Depuis, la barbe ne m'a plus quitté, plus ou moins longue, plus ou moins étoffée, couvrant ou pas le cou et les joues. Depuis le mois de novembre dernier et mon voyage d'automne à Londres, je ne me rase plus du tout. J'avais en effet observé de nombreux vieillards de mon genre, dans les bus, le métro ou en ville, portant une barbe fournie, plus ou moins fleurie, et avaient l'air de s'en bien porter. Pourquoi ne ferai-je pas pareil ? En plus, quand je fais du vélo, le vent s'engouffre dedans faisant frémir les poils de contentement, comme une caresse légère et douce, une petite chatterie qui me remue la barde désormais longue et blanche, une tendresse que je me garde de dédaigner.
Bref, j'ai fait un aller-retour samedi 13 pour joindre l'ami José. J'ai découvert que la fête avait changé de place, passant du nord au sud de Paris, dans un coin où je n'étais jamais allé. Une fois à Paris, j'ai pris le RER C à Saint-Michel jusqu'à la station de Brétigny-sur-Orge, où nous attendaient les navettes prévues qui nous conduisaient à environ 2 km de l'emplacement de la Fête, distance qu'il fallait ensuite terminer à pied. Je ne marche plus très vite, à bientôt 80 ans. Un jeune homme de 29 ans, Gautier, a bien voulu ralentir son pas pour m'accompagner en papotant. Cet ingénieur informaticien venait de Metz.

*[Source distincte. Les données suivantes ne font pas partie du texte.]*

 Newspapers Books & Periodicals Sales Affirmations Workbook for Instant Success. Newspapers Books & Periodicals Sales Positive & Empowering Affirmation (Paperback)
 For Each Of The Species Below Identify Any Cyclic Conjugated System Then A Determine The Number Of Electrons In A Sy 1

Je me suis précipité vers le village du Livre. J'en ai fait le tour complet, trouvant plein de livres intéressants : littérature, sociologie, politique, histoire, sciences, etc. et des bouquins pour la jeunesse à foison. J'ai découvert des éditeurs inconnus, et j'ai pu mesurer l'ignorance dans laquelle je suis depuis que j'ai quitté mon métier. Comme j'étais arrivé tôt, à 9 h et demi, il y avait encore peu de monde et j'ai pu déambuler sans problème. J'ai trouvé José Luis à son stand, ai acheté et lui ai fait dédicacer son livre, j'ai visité une partie des autres stands (il y en avait 500, j'ai pas tout vu !), puis nous sommes allés manger dans un des restaurants installés sous chapiteau, nous contentant d'une soupe à l'oignon et d'une crêpe œuf jambon tout à fait correctes.

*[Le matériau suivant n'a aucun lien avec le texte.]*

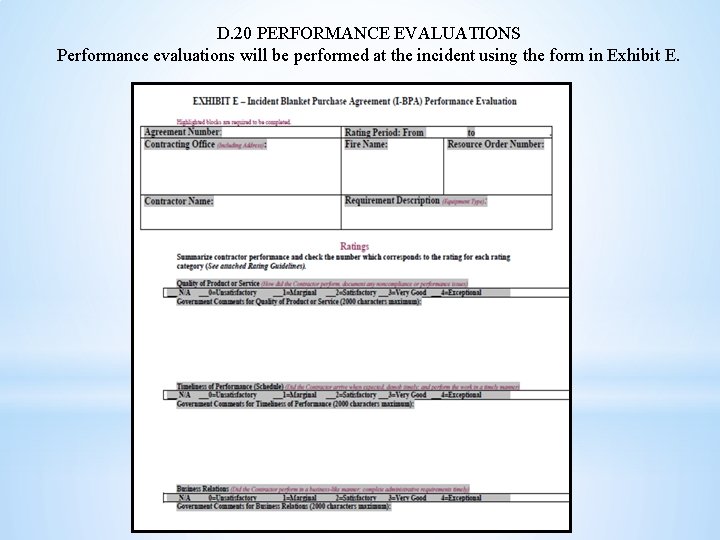 D. 20 PERFORMANCE EVALUATIONS Performance evaluations will be performed at the incident using the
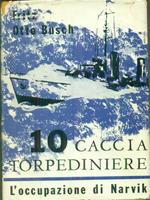 10 caccia torpediniere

Il y avait d'ailleurs de la nourriture et des boissons à la majorité des stands, même les plus politisés, ce qui me faisait penser que, décidément, les gens ne pensent plus qu'à bouffer, et qu'on crèvera de cette surbouffe. Des ateliers-débats, des conférences, des concerts, complétaient les activités. Dès le début de l'après-midi, les gens sont arrivés en grand nombre : tous les stands à débat ou conférence affichaient complet. Et je me suis dit que, maintenant, je n'arrive plus à supporter la foule, le bruit, le surplace debout. Dès que j'ai pu, j'ai essayé de retrouver la sortie et j'ai déguerpi, un peu honteux. Je n'en pouvais plus.

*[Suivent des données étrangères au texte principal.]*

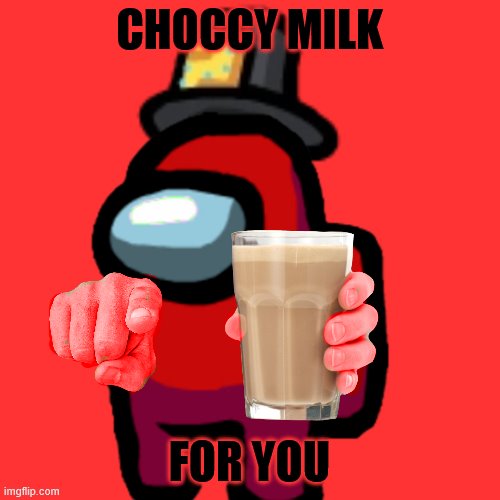 have some choccy milk | CHOCCY MILK FOR YOU | image tagged in have some choccy milk | made w/ Imgflip meme maker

Si la barbe sied bien à mon âge (encore un verbe bizarre, seoir, comme pleuvoir, ne se conjugue qu'à la 3ème personne du singulier), franchement, ce genre de manifestation pleine de gens, souvent très jeunes et bruyants, n'est plus de mon âge. Heureusement que j'étais arrivé tôt le matin ! À 17 h, de retour à Paris, j'étais éreinté, et le soir à Bordeaux, je n'ai pas demandé mon reste et, une fois au lit, j'ai dormi 7 heures d'affilée, ce qui ne m'arrive que rarement.
Ma barbe, elle, a bien tenu le coup, mieux que mes jambes, je devrais peut-être la faire descendre jusqu'à mes pieds pour donner du tonus à la partie basse de mon corps. Why not ! Mon Dieu, voilà que je me mets à écrire en anglais, my God !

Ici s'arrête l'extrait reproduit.